Luego la economía rusa está claramente estancada, mostrando un bajo crecimiento, escasa o nula inversión extranjera y una caída del poder adquisitivo de los rusos debido al hundimiento del rublo, que ha perdido frente al dólar más del 40% de su valor en los últimos tres años. Las sanciones de la UE y los Estados Unidos contra Rusia, provocadas por la crisis de Crimea, entre otros motivos, han hecho mella en la economía rusa y su impacto tendrá un efecto en el largo plazo impredecible. Luego tampoco Putin ha sabido dar una respuesta a la crisis demográfica que sufre el país, habiendo pasado Rusia de los casi 149 millones de habitantes de 1991 a los 141 actuales, una grave caída que ha significado el envejecimiento de su población y la necesidad de atraer a millones de inmigrantes de su periferia para trabajar en su industria. En el 2050, según cálculos de Naciones Unidas, Rusia apenas tendrá 135 millones de habitantes.

En lo que respecta a Bielorrusia, el principal aliado de Rusia en el mundo postsoviético, las elecciones de agosto del 2020 no contribuyeron a crear un clima de sosiego y estabilidad en el país. La oposición democrática, capitaneada por la candidata Svetlana Tiajnovskaya, que se consideró así misma como ganadora en el proceso electoral, no aceptó los resultados y organizó masivas protestas contra el régimen del reelecto presidente Aleksandr Lukashenko. Después, superados los violentos enfrentamientos entre la policía y desafectos a Lukashenko, Tiajnovskaya se exilió y las aguas volvieron a una cierta calma, aunque eso no evitó que los Estados Unidos y la UE impusieran duras sanciones a Bielorrusia.

Finalmente, la tranquila y estable Kazajistán, gobernada durante lustros con mano de hierro por el sempiterno Nursultán Nazarbáyev, ha padecido en las últimas semanas un terremoto político, al levantarse inesperadamente miles de kazakos contra el sucesor y delfín de viejo patriarca, Kasim Jomart Tokayev, quien había decidido subir el precio del gas licuado. La errónea decisión, que después fue revocada, afectaba directamente a la incipiente clase media kazaka y fue muy mal recibida por una población muy cansada de esperar unos cambios que nunca llegan.

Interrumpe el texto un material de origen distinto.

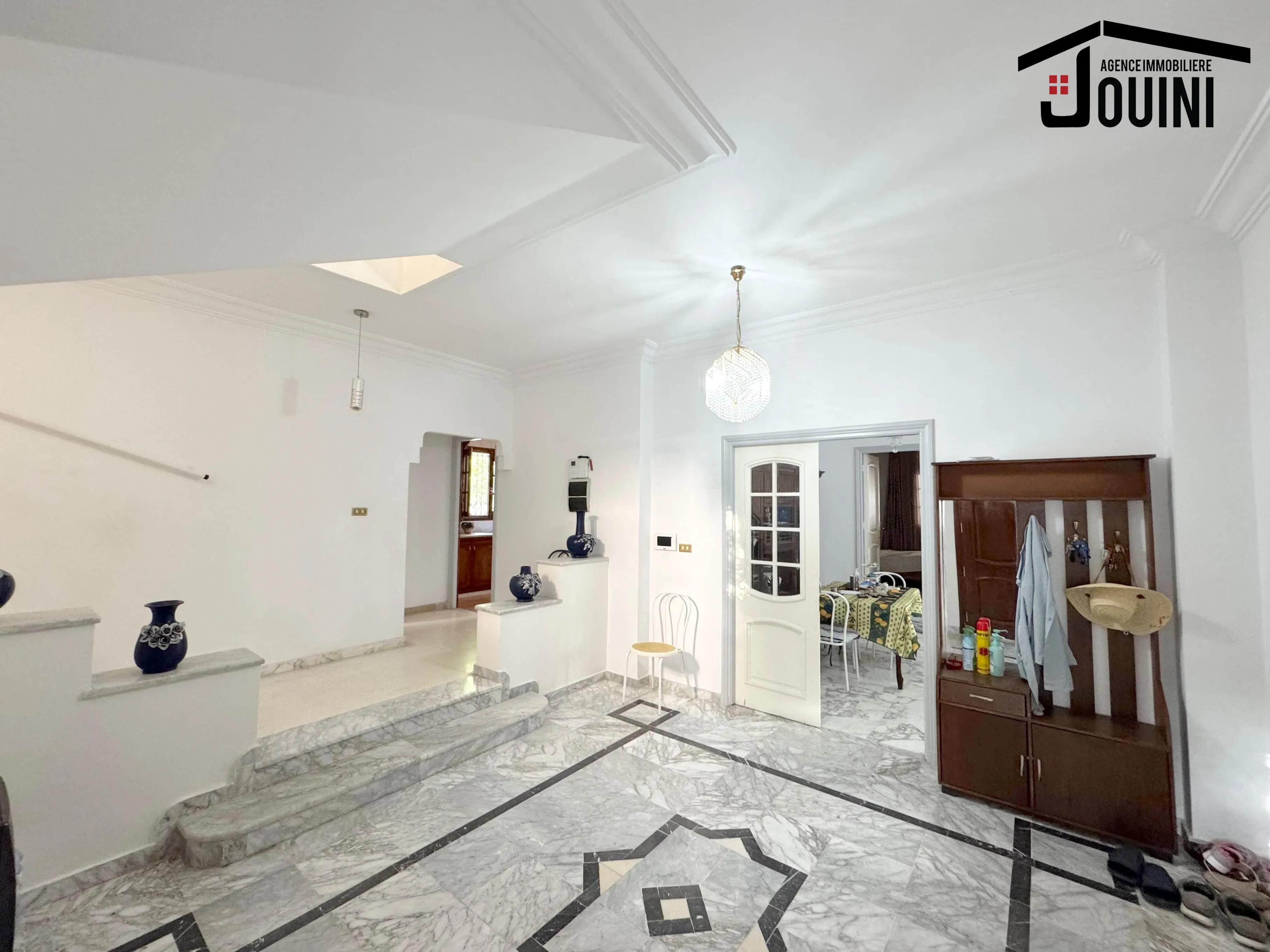 Grande Villa Près De Fatouma Bourguiba Au Bardo
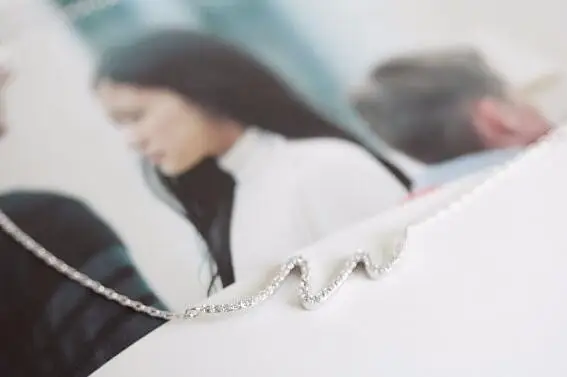 Маргаритки Bijoux 2018 динозавр собака жемчуг горох череп ожерелье-подвеска животное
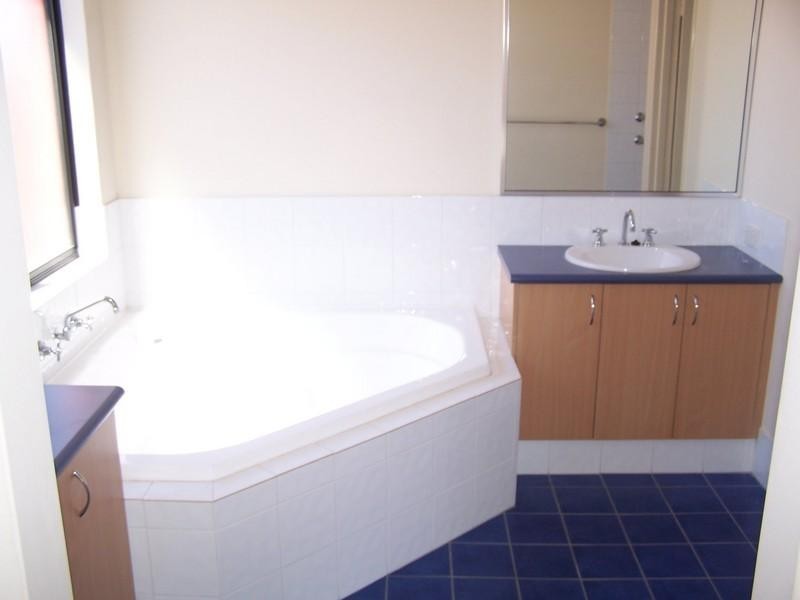 56 Northport Boulevard, Wannanup WA 6210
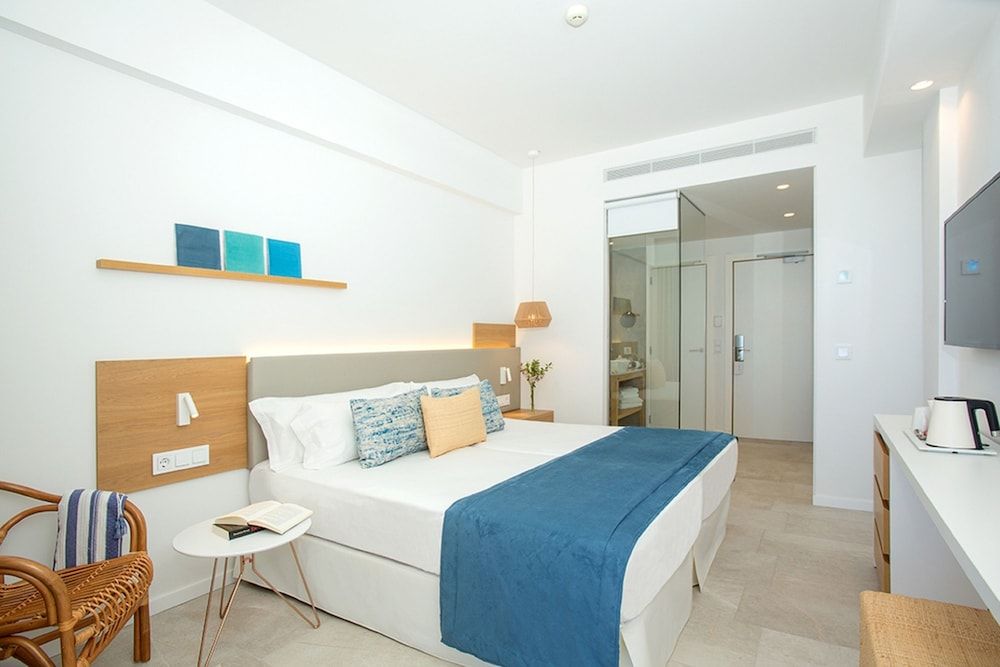 Double Room, Balcony, Partial Sea View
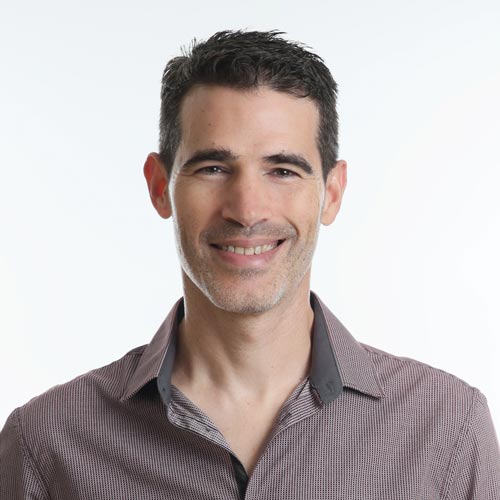 יובל נסלרות מורה לפיזיקה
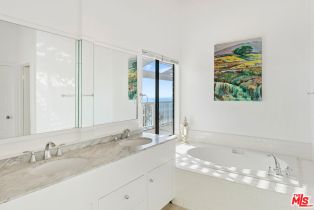 , 4262 Avenida De La Encinal, Malibu, CA 90265 - 11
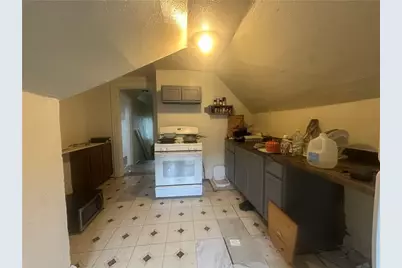 742 Chartiers Avenue, McKees Rocks, PA 15136 - Photo 39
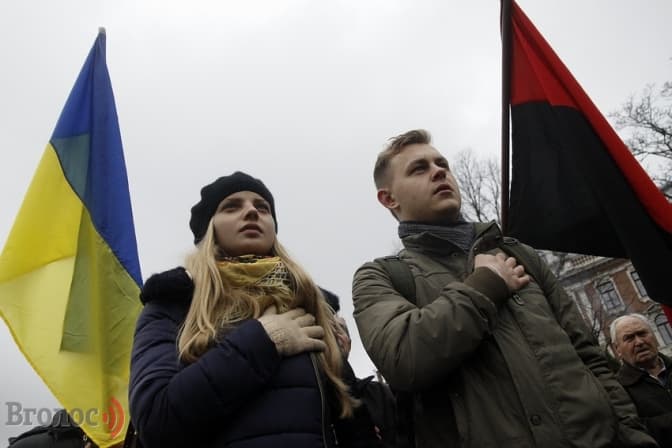 Фото дня: Львів вшановує Героїв Майдану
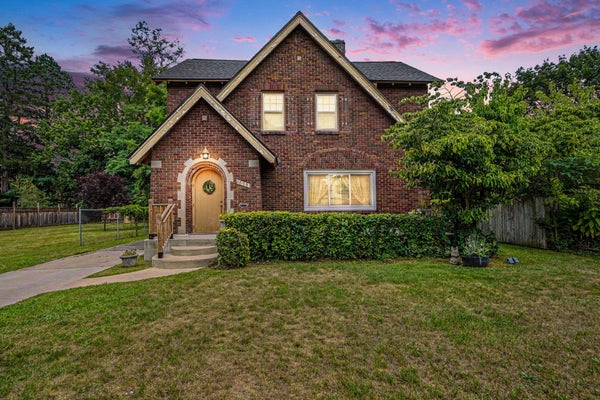 2044 GODWIN AVE SE, GRAND RAPIDS, MI 49507 - Image b3d784ad5524cfb5faefea9f38528f84/23950505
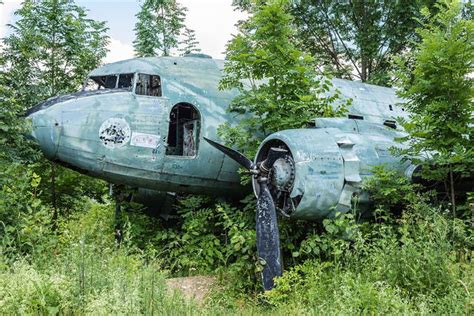 Stunning Pictures Of An Abandoned Military Base Fubiz Media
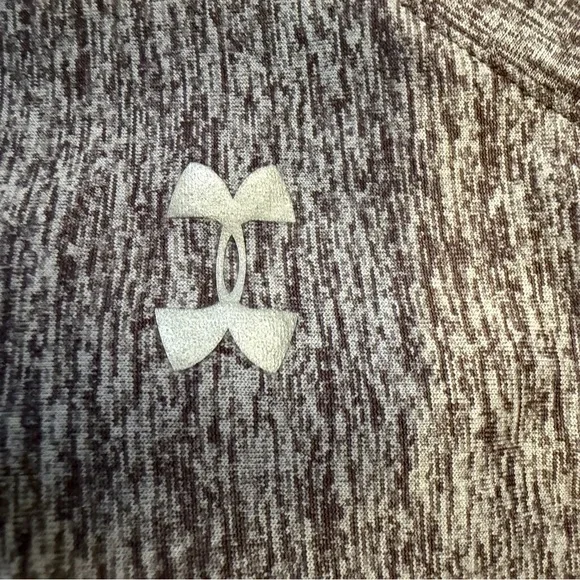 Bundle of 2 Under Armour Tops (XL) + 3 FREE Bonus Shirts - Picture 4 of 6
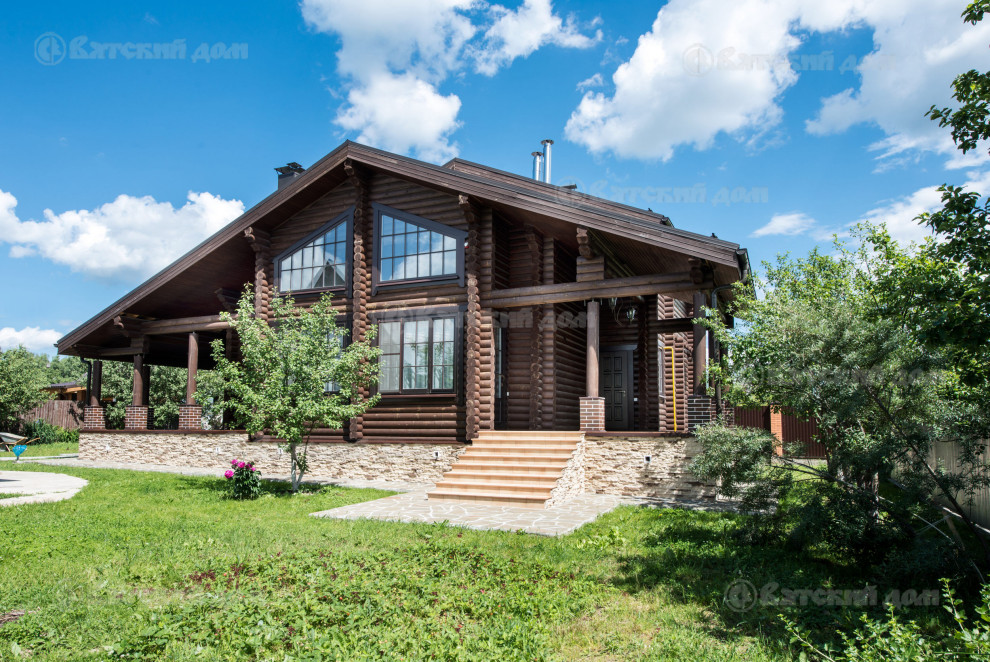 Деревянный дом из оцилиндрованного бревна ОБ-300-31 (Вятский Дом)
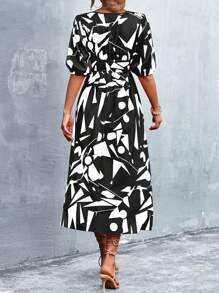 SHEIN Privé Geo Print Surplice Neck Dress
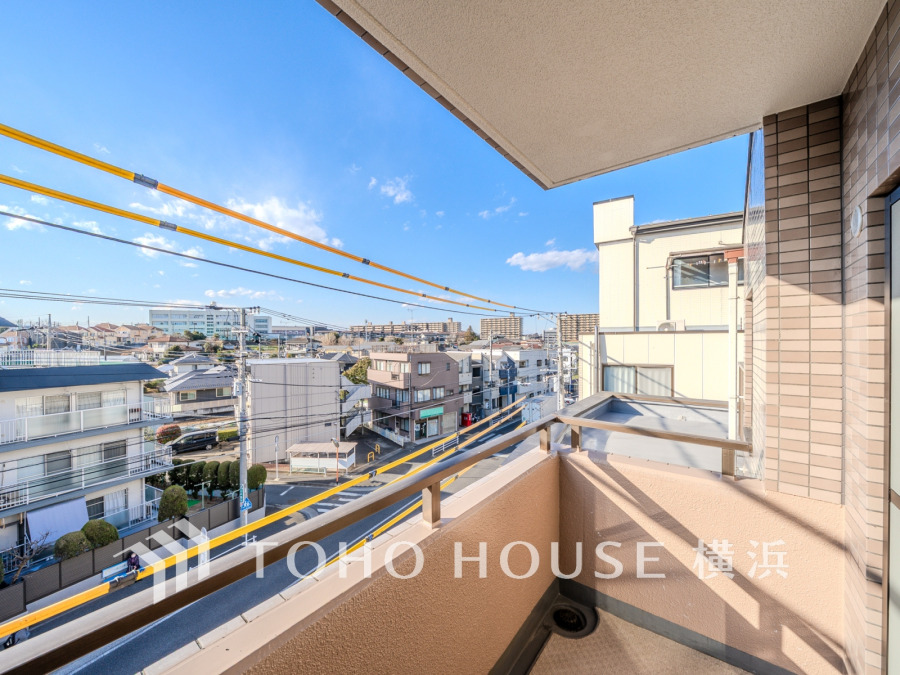 気持ちのいい空が見渡せるバルコニー。爽やかな風を感じて、心躍る素敵な暮らしがはじまります。
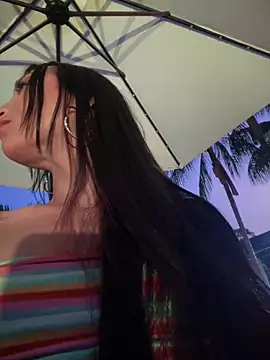 Snapshot of loly-yandere chatting on 02/26/25, 11:26 loly-yandere online show from 02/26/25, 11:26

Aparte del asunto del gas, los kazakos expresaban su malestar y repudio por la creciente corrupción política en el país -el propio Nazarbáyev es millonario a merced de las plusvalías obtenidas de la industria petrolera nacional– y la acuciante desigualdad social generada por el injusto reparto de la riqueza. Solamente la represión, con ayuda de tropas rusas, todo hay que decirlo, ha conseguido acallar estas protestas, pero la herida en la sociedad kazaka sigue abierta y costará mucho que cicatrice fácilmente.